* _Exercise input_
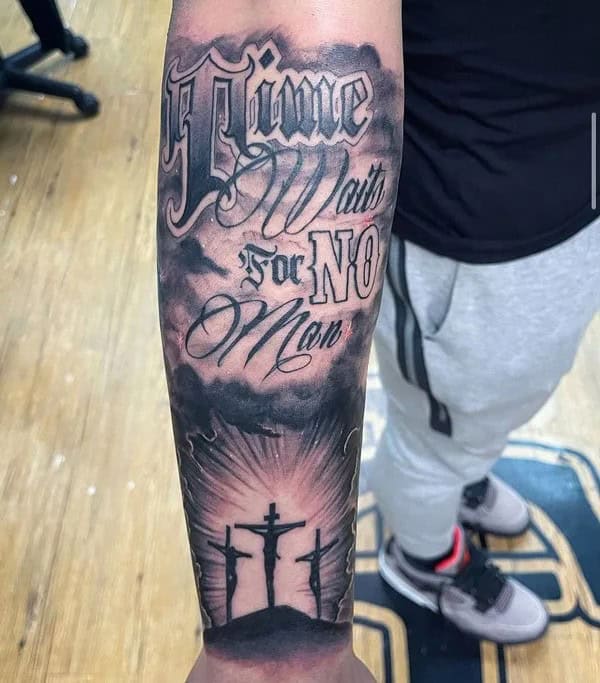 3 Cross Forearm Tattoo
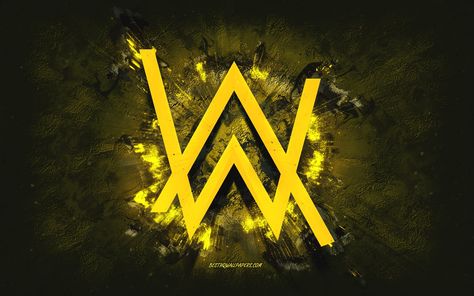 Alan Walker Logo, Walker Logo, Stone Background, Yellow Logo, Art Yellow, Grunge Art, Alan Walker, Yellow Stone, ? Logo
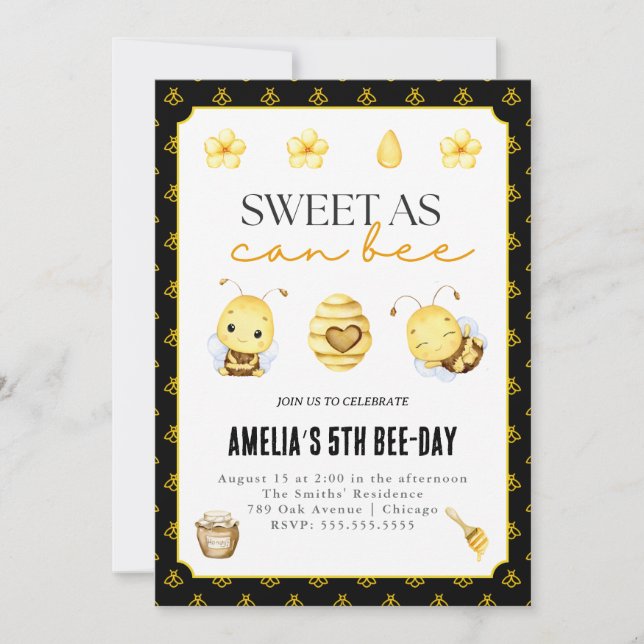 Sweet As Can Beth Birthday Invitation N'Importe Qu (Devant)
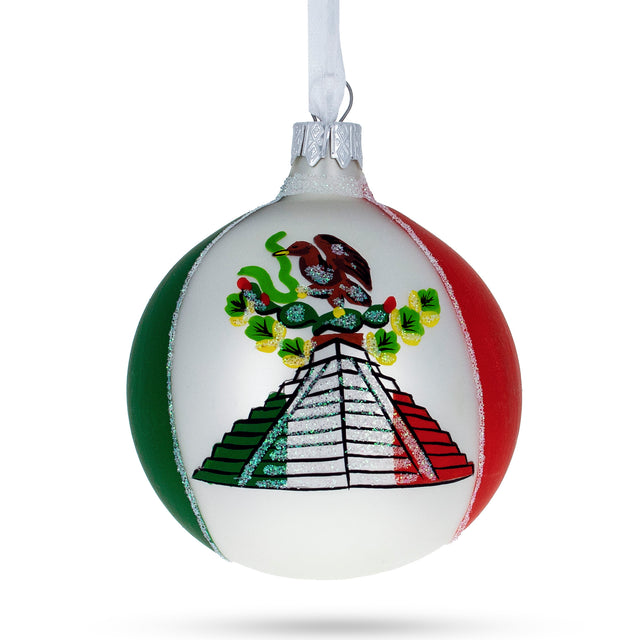 Colorful Mexican Flag Blown Glass Ball Christmas Ornament 3.25 Inches in Multi color, Round shape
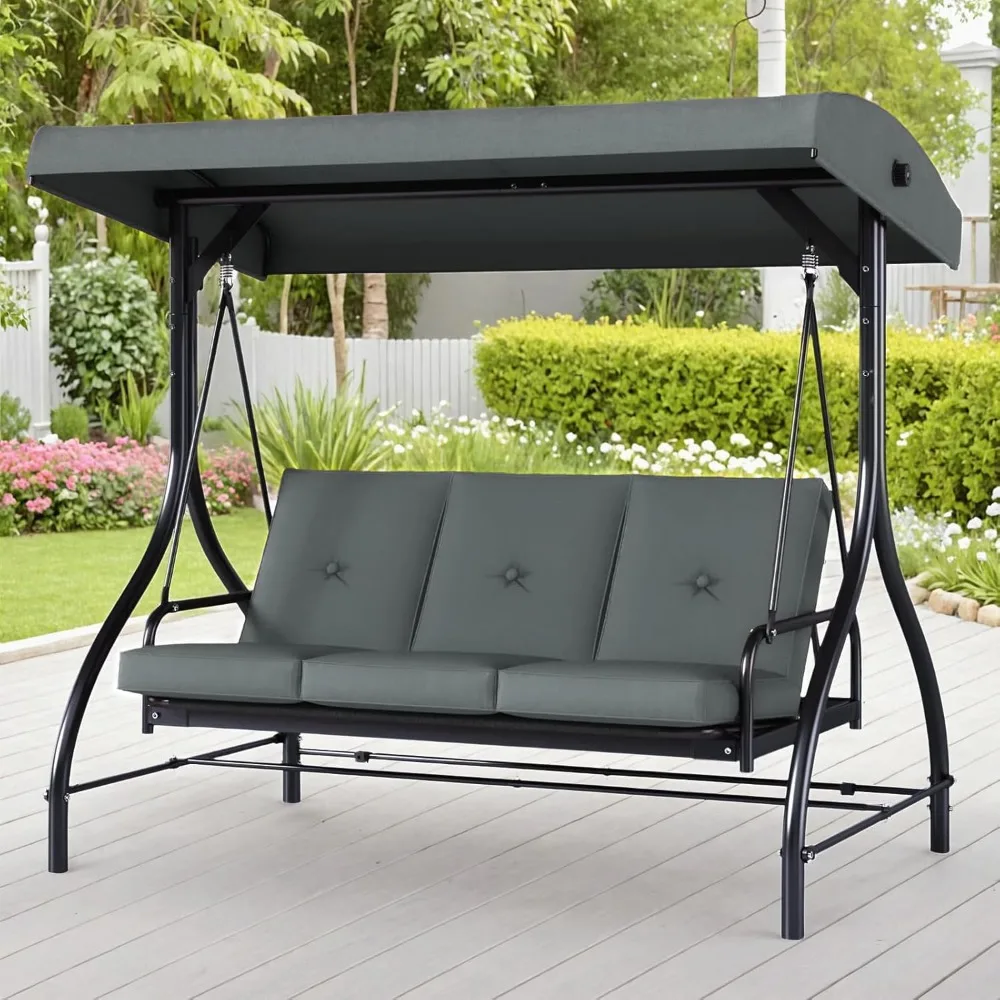 

3-Seat Patio Swing with Adjustable Canopy & Backrest, Outdoor Porch Swing Chair for Adults, Outside Porch Converting Bed Thicke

* _Problem requirements_
Write out the whole listing exactly, and drop the pictures.

* _Result of this exercise_
 3 Cross Forearm Tattoo
 Alan Walker Logo, Walker Logo, Stone Background, Yellow Logo, Art Yellow, Grunge Art, Alan Walker, Yellow Stone, ? Logo
 Sweet As Can Beth Birthday Invitation N'Importe Qu (Devant)
 Colorful Mexican Flag Blown Glass Ball Christmas Ornament 3.25 Inches in Multi color, Round shape

3-Seat Patio Swing with Adjustable Canopy & Backrest, Outdoor Porch Swing Chair for Adults, Outside Porch Converting Bed Thicke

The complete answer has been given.